Dataset entries:
◇ ◇ ◇ ◇ ◇
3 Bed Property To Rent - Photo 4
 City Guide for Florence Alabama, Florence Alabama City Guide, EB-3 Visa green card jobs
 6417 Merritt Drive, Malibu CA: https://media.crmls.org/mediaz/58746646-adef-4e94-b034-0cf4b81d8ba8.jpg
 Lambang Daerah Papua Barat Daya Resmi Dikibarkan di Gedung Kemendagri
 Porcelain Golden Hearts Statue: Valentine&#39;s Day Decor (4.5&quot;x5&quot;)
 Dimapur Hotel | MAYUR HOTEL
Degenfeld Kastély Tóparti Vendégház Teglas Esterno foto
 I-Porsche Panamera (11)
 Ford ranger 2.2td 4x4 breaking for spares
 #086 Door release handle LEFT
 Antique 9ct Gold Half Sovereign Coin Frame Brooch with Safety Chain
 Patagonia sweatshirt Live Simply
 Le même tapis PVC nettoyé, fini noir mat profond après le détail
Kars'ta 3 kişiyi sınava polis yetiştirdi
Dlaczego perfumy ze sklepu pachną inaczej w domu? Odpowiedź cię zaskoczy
◇ ◇ ◇ ◇ ◇
| DIRECTIONS FOR THIS TASK |
Every line from the one containing "#086 Door release handle LEFT" through the last line above should be retyped exactly; no other lines are wanted.

| SOLUTION FOR THIS PROBLEM |
 #086 Door release handle LEFT
 Antique 9ct Gold Half Sovereign Coin Frame Brooch with Safety Chain
 Patagonia sweatshirt Live Simply
 Le même tapis PVC nettoyé, fini noir mat profond après le détail
Kars'ta 3 kişiyi sınava polis yetiştirdi
Dlaczego perfumy ze sklepu pachną inaczej w domu? Odpowiedź cię zaskoczy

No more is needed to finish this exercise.